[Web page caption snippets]
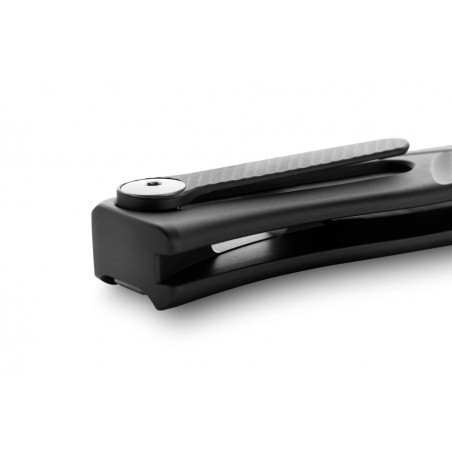 Nóż składany LionSteel Thrill Black Aluminium, Satin M390 by Molletta (TL A BS) Nóż składany LionSteel Thrill Black Aluminium, Satin M390 by Molletta (TL A BS)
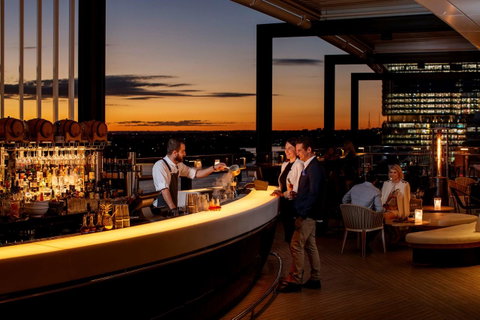 Hyatt Regency Sydney - Accommodation Daintree 44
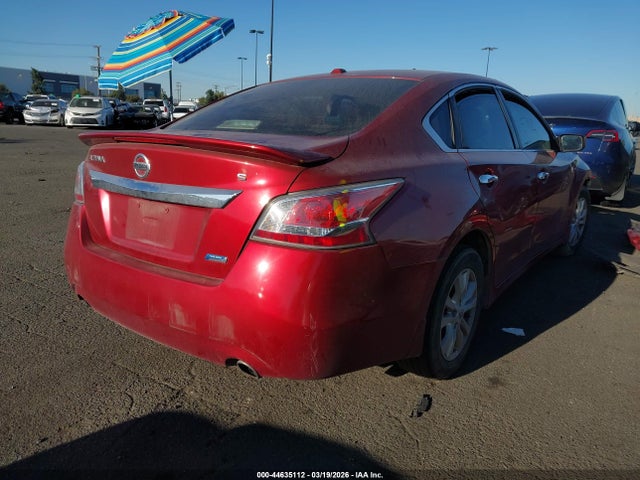 Nissan Altima 2.5 S 2014 1N4AL3AP3EC287578 Image 4
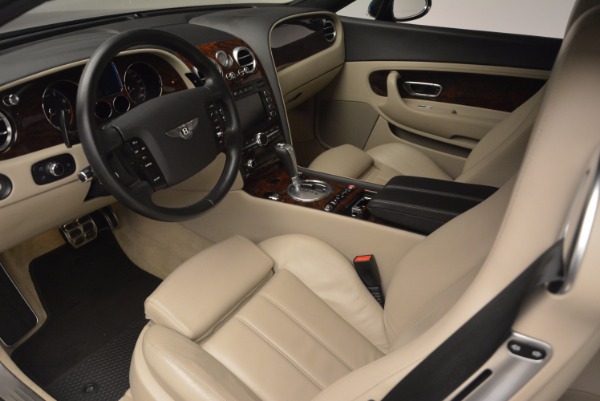 Used 2005 Bentley Continental GT W12 for sale Sold at Aston Martin of Greenwich in Greenwich CT 06830 18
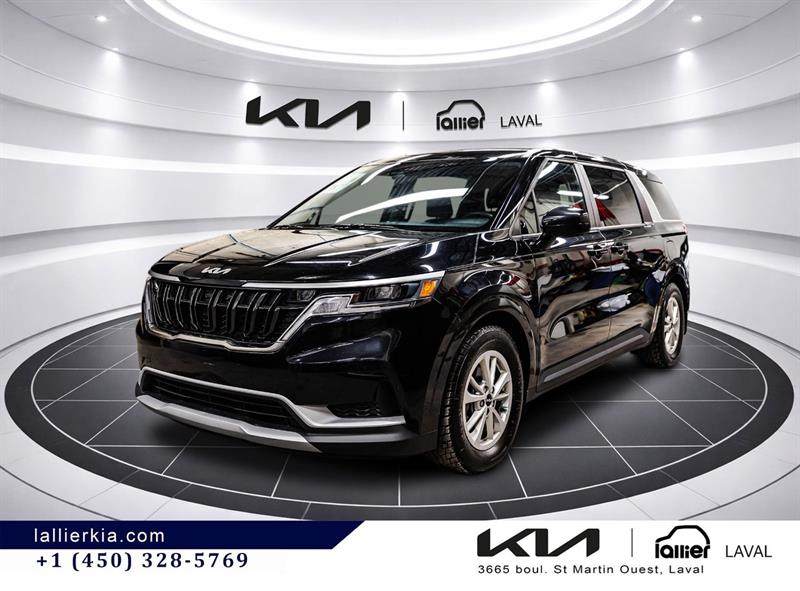kia Carnival 2023 - 3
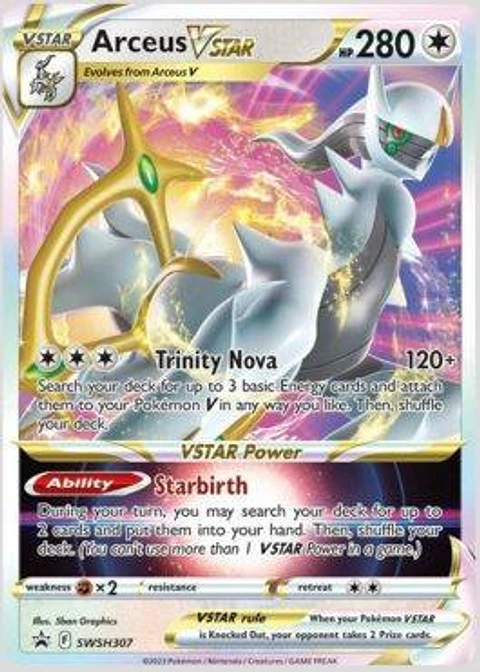 Arceus Vastro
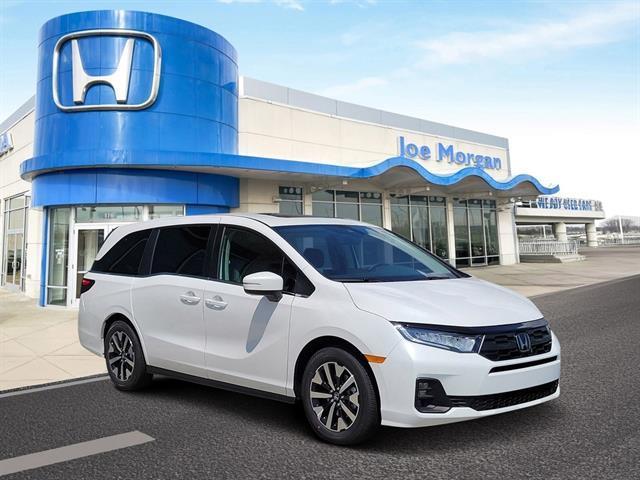 new 2025 Honda Odyssey car, priced at $43,625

Exercise objective
The records above should be reproduced exactly, with no pictures included.

Written reply
 Nóż składany LionSteel Thrill Black Aluminium, Satin M390 by Molletta (TL A BS) Nóż składany LionSteel Thrill Black Aluminium, Satin M390 by Molletta (TL A BS)
 Hyatt Regency Sydney - Accommodation Daintree 44
 Nissan Altima 2.5 S 2014 1N4AL3AP3EC287578 Image 4
 Used 2005 Bentley Continental GT W12 for sale Sold at Aston Martin of Greenwich in Greenwich CT 06830 18
kia Carnival 2023 - 3
 Arceus Vastro
 new 2025 Honda Odyssey car, priced at $43,625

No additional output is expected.